By Frank Semeraro AKA “Big Gun” 

Ammo is very scarce and expensive right now and I have had a lot of people ask me about reloading their own ammo.   Before taking the plunge into the world of reloading there are a few things to keep in mind.   Reloading is a very expensive hobby and when ammo is scarce, so are the reloading components.  Reloading isn’t about saving money, it’s about having ammo when you need it and loading the cartridges to suit your needs.


To start off you will need the following minimum equipment that is a one time purchase:


  • Reloading Press – The prices of a reloading press run between 150.00 and $1,000 dollars. I would recommend a single stage press for beginners. I personally use and recommend the RCBS Rock Chucker Supreme.    This is an excellent press and will last longer than you do.   You can pick up one of these for around $200.00


  • Reloading Dies – You will need a set of reloading dies for each caliber you plan on reloading. I recommend the Lee Precision Carbide Dies.   These dies fit almost every reloading press and when using carbide dies you don’t need to lube the cases.   These dies will also last a lifetime.

The Die set will run you about $85.00 per caliber set and gives you all the dies to de-prime the cases, size the cases, seat the bullet and crimp the cases.

  • Powder Measure – You will need an accurate powder measure to accurately throw a charge of gun powder into the case. I recommend the RCBS Uniflow Powder Measure and you will also want to purchase a stand for it so you can mount it to your reloading bench and a funnel.  This will cost you around $200.00   
  • Powder Scale – You will need an accurate powder scale to weigh your loads. It is critical that your charges fall into the acceptable range.  I weigh every 10 loaded cartridges to make sure the amount of powder on the cases are safe to shoot.  I recommend the Frankford Arsenal Digital Scale Model DS-750.   This scale is very accurate and easy to use and can be found for about $35.00
  • Calipers – You will need a good set of calipers to make sure the Minimum and Maximum overall case lengths are in spec. I use the Hornady Digital Caliper which cost around $40.00



  • Priming Tool – You will find it much easier to prime your cases with a hand tool instead of using the press. I recommend the Lyman E-ZEE Prime.   This is very easy to use and make priming the cases go very quickly.   This will cost you around $100.00


  • Reloading Bench – You can use a table or workbench for reloading. I made my own reloading bench from 2×4’s and a plywood top for under $100.00


So far you can see that this is not a cheap hobby and this is just the bare-bone minimum setup.    Fortunately, this is only a one time purchase.    The next part are the consumables which will be an on-going expense.


Consumables – These are the components you will need to start reloading your cartridges.


  • Cases – You will need Brass or Nickle Cases for each caliber you will reload for.


  • Bullets – You will need to decide the weight and type of bullets for each caliber.

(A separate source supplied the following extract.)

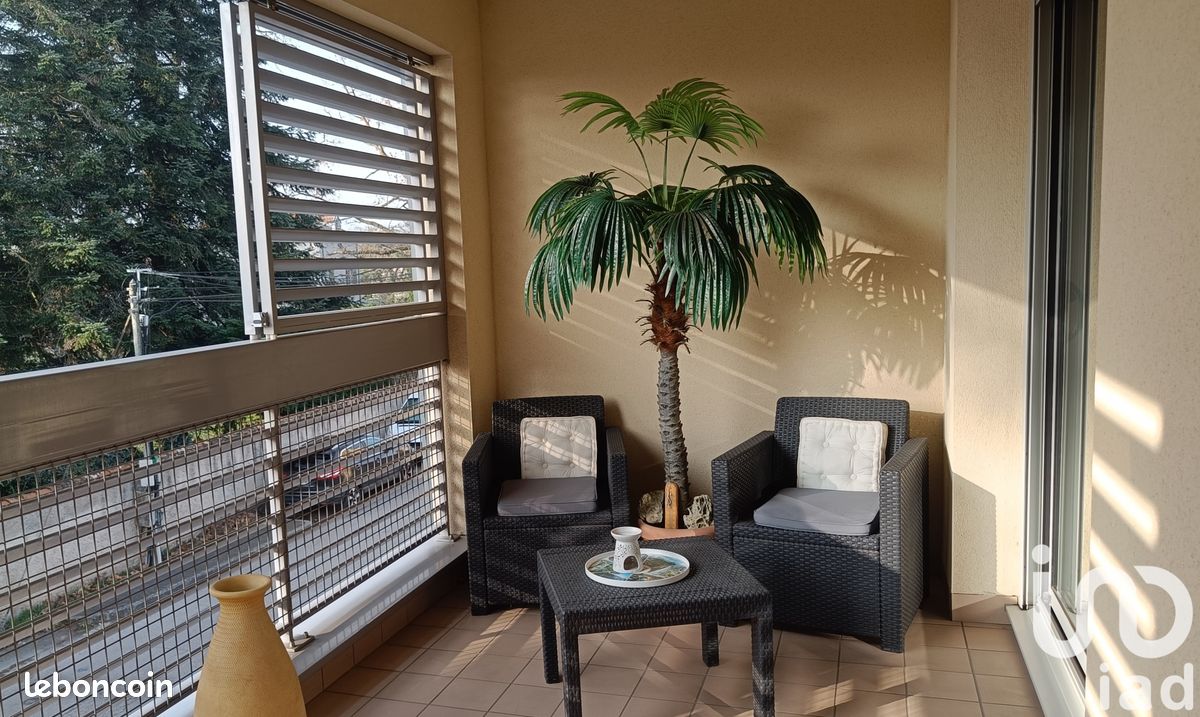 Квартира с 3 комнатами в Грезьё-ла-Варан, Франция № 196105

Lead, Lead Coated, Copper Plated, Hollow Point, etc.  The average cost of bullets are about $100.00 for 500 rounds.


  • Primers – You will need primers for your cases depending on if they are Large or Small Rifle or Large or Small pistol. Your cases will determine if you will need large or small primers.   For safety reasons only use Rifle primers for Rifle Cases and Pistol Primers for Pistol Cases.


  • Gun Powder – You will need multiple powders depending on the types of cartridges. There is no “One Size Fits All”

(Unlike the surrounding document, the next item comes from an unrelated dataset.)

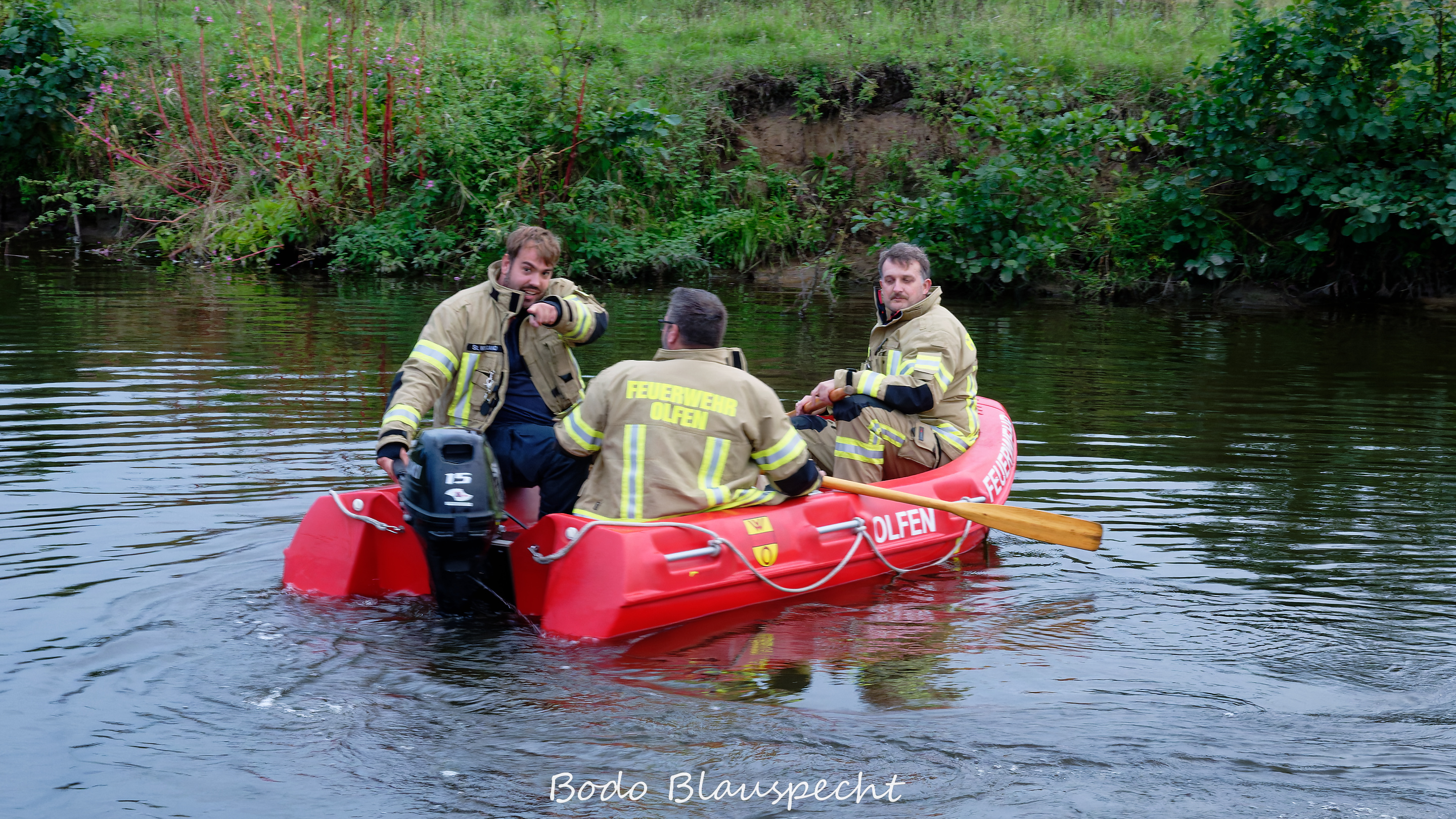 09.17 19.22 115   Feuerwehrübung   Steveraue WEB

I would also recommend a reloading manual that contains the load data for each caliber cartridge based on the weight of the bullet.   This is very critical since you can cause damage to your firearm or yourself if you don’t follow the reloading data specs.  This is the manual I use.

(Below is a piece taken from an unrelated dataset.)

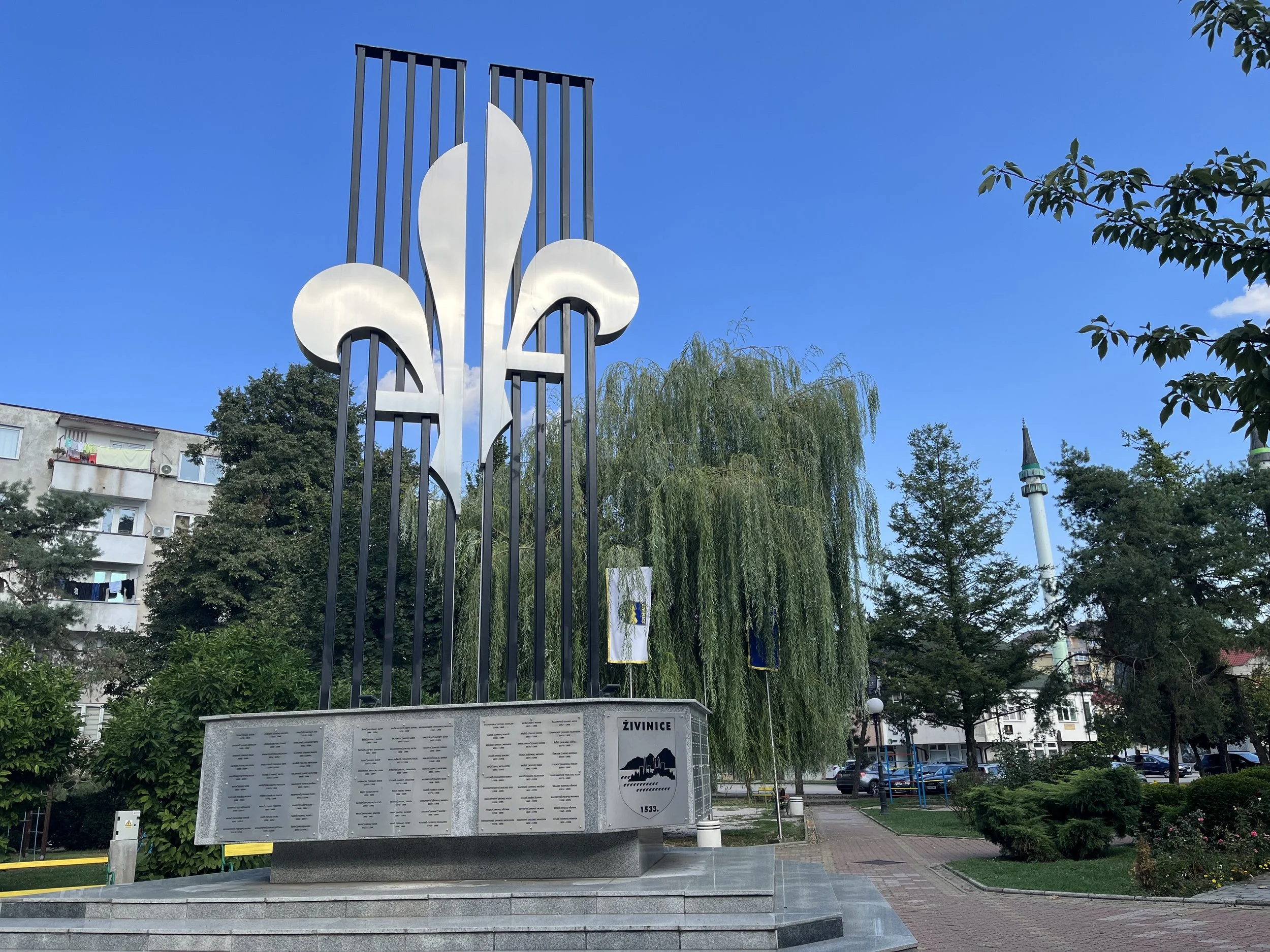 Živinice obilježile 33. godišnjicu 210. Viteške brigade ‘Nesib Malkić’: Položeni vijenci za palim herojima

Reloading is actually a very simple process as long as you follow the instructions.    It is an expensive hobby but you will always have ammo when you need it.  I usually have 50,000 rounds of ammo in my safe at any given time.


This is also a very time consuming process, so don’t think you will go to the garage and crank out a few thousand rounds on a rainy Saturday afternoon.


I hope you now have enough information to make the decision to Reload or Not to Reload.